It is not known for certain whether the family
actually resided at what is now Belden
Town, or if the family lived closer to
the Bucks Lake area. Mr. Belden and Susan had two
children, Charles “Charley” Belden and Robert “Bob” Belden. Mr. Belden died
sometime between 1868 and 1874 and Susan remarried to Robert Workman at some
point before 1876. The couple had one or two children, one of which was William
Workman. By the 1900 Federal Census, Susan was once again using the surname
“Belden”. It is not known whether she was divorced
Robert Workman by 1900, or whether Robert Workman died at some point between
1880 and 1900. Whether Mr. Belden or his son, Robert Belden, filed a homestead
on the land now known as Belden is a matter of contention. It seems more likely
that it was Robert Belden who filed the homestead.

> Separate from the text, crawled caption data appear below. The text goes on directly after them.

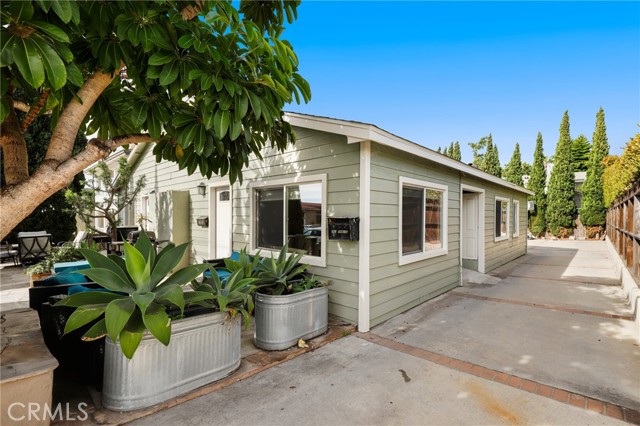 Detail Gallery Image 9 of 58 For 352 Thalia, Laguna Beach,  CA 92651 - 6 Beds | 3 Baths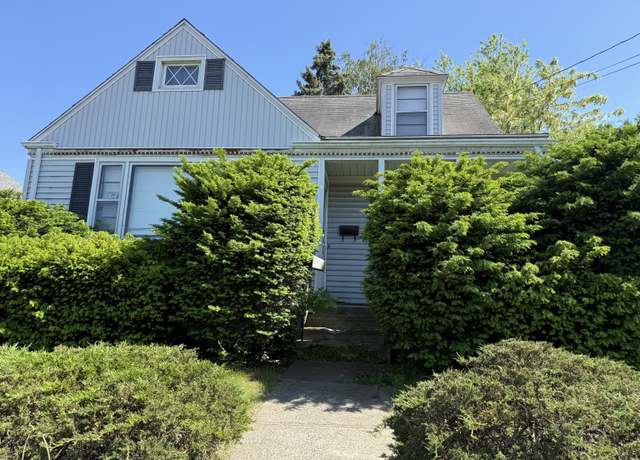 Property at 681 Westfield Ave, Bridgeport, CT 06606, 3 beds, 1.5 baths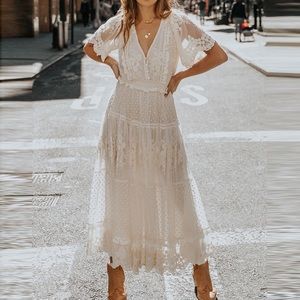 Spell and the Gypsy Dawn Lace gown size S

Regardless, the Belden family was granted legal title
to the land. Robert Belden opened a saloon and a general store during the
railroad construction years and also erected a dozen
cabins for travelers and year-round residents. The Belden Post Office opened in
1909 and a three-story hotel, The Riverside, was built
around that time. The Riverside
became a popular resort for fishermen and other travelers
along Highway 70.
Mining was
the primary activity at Belden and the surrounding areas in the early days of Plumas County.
While placer mining (by panning, dredging, or hydraulic methods) was probably the
most popular method in the Belden area, some quartz mining also occurred there.
Gold (usually in small amounts) is contained in quartz veins called ore. The
ore was underground. Therefore, miners created tunnels to get at the ore, as
well as equipment to break the ore into a powder, so that gold could be removed from it. A stamp mill was a piece of
equipment in which heavy pieces of steel were lifted
vertically by a cam and then suddenly dropped. Miners dug out ore from
inside deep mining shafts and sent it out on carts or hoisted it out in large
buckets. The ore was then place on the stamp mill and the steel “feet” of the
stamp mill landed on the ore and crushed it. The ore was then
washed with chemicals, which left behind pure gold. There is a beautifully
preserved stamp mill (the Ebbe Stamp Mill) displayed at the rest stop on
Highway 70 across from Belden.
With hydroelectric
power demands on the rise, the Belden powerhouse was
completed in 1969. The Belden Powerhouse penstock is 1,292 feet long
with a drop of 770 feet. The powerhouse taken water from Belden Forebay below
Seneca on the North Fork Feather River
As
of the 2000 Federal Census, there was a reported population of 26 at Belden.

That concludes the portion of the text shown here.